# How to complete this task
Write out, word for word and with no pictures, each line below from the one containing "Obi-Wan Kenobi (hood, cape, Padawan, 2011)" through the one containing "Penyidik Kejagung periksa", both included, and no other line.

# Source data
┌──

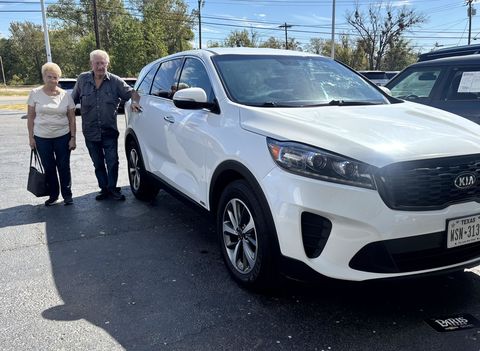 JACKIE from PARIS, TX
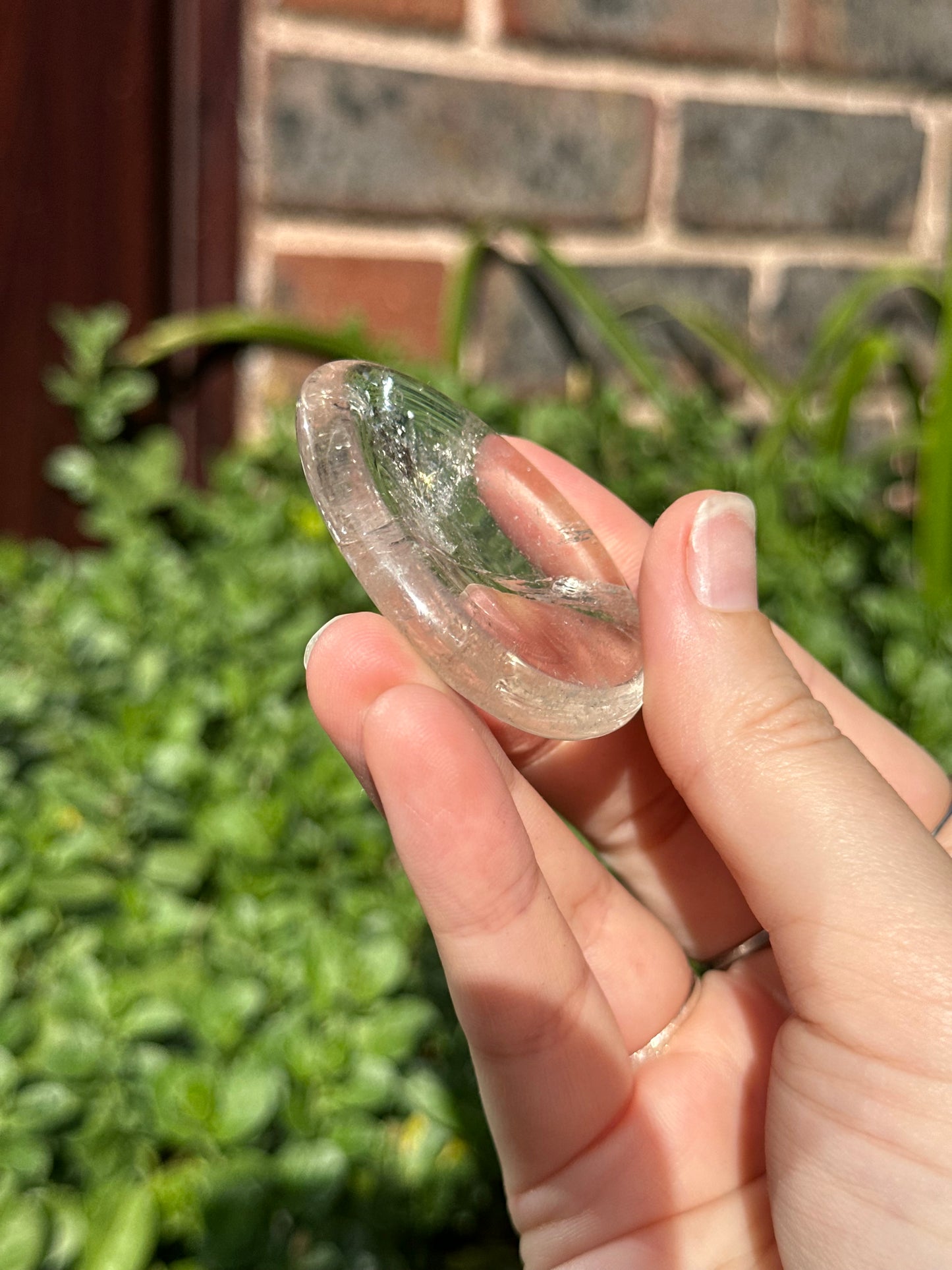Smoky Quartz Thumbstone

└──
┌──

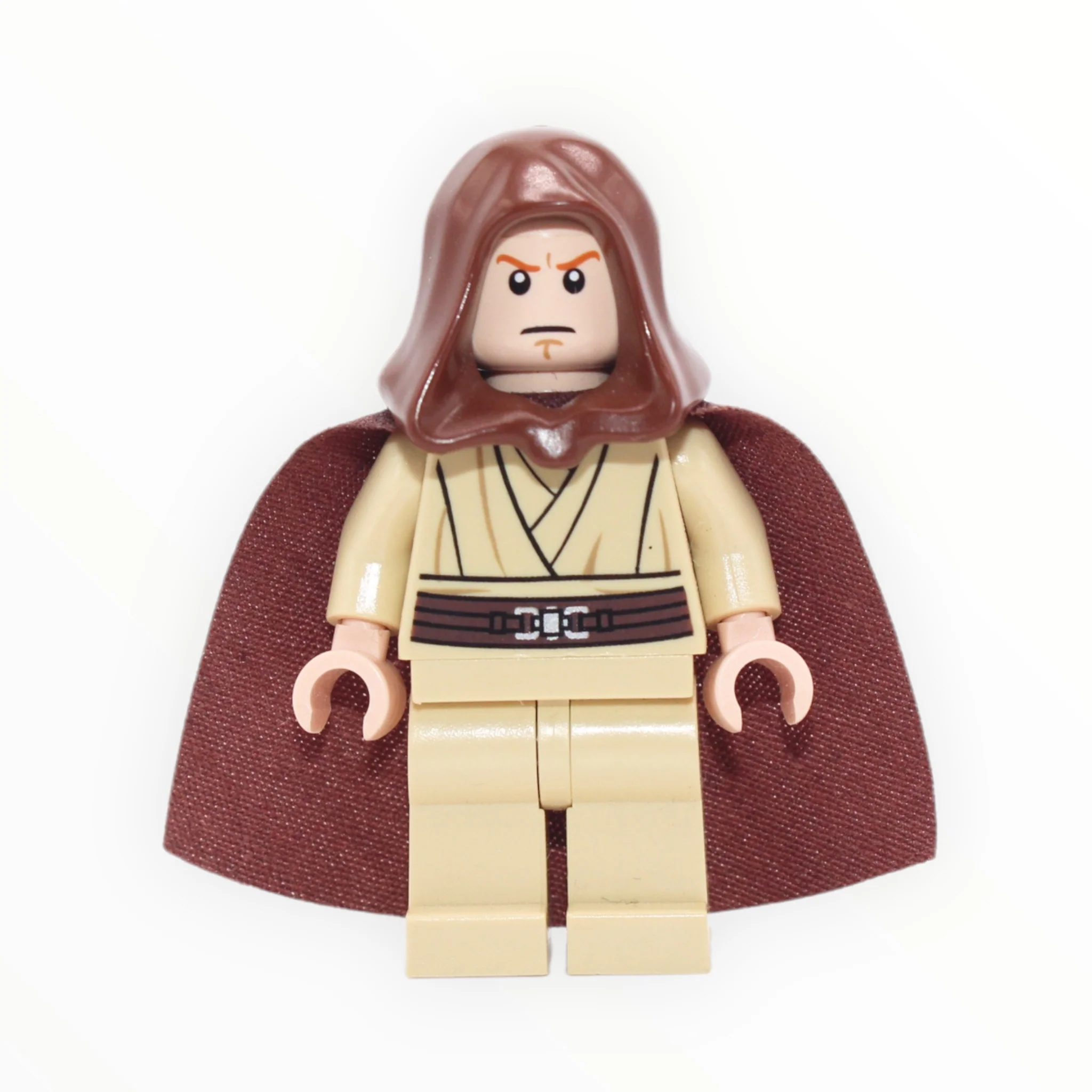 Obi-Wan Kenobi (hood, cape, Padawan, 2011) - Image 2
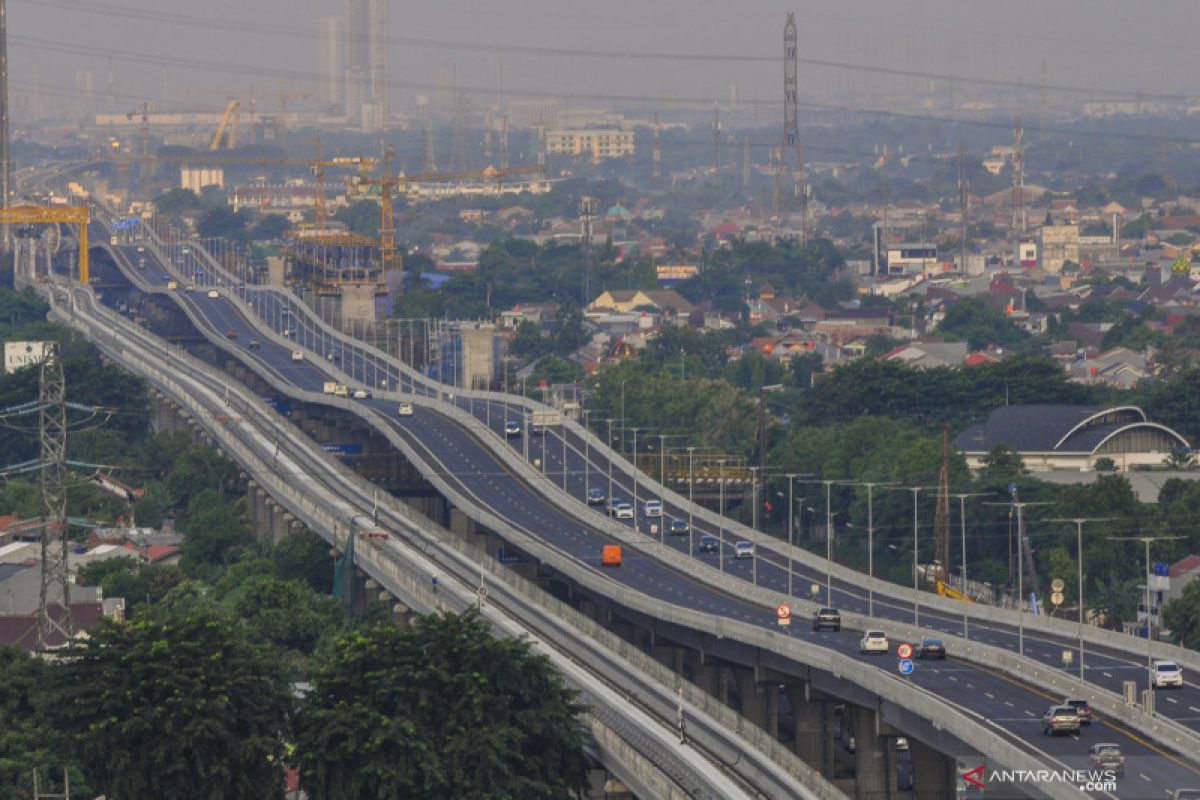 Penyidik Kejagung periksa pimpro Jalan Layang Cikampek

└──

# Exercise response
 Obi-Wan Kenobi (hood, cape, Padawan, 2011) - Image 2
 Penyidik Kejagung periksa pimpro Jalan Layang Cikampek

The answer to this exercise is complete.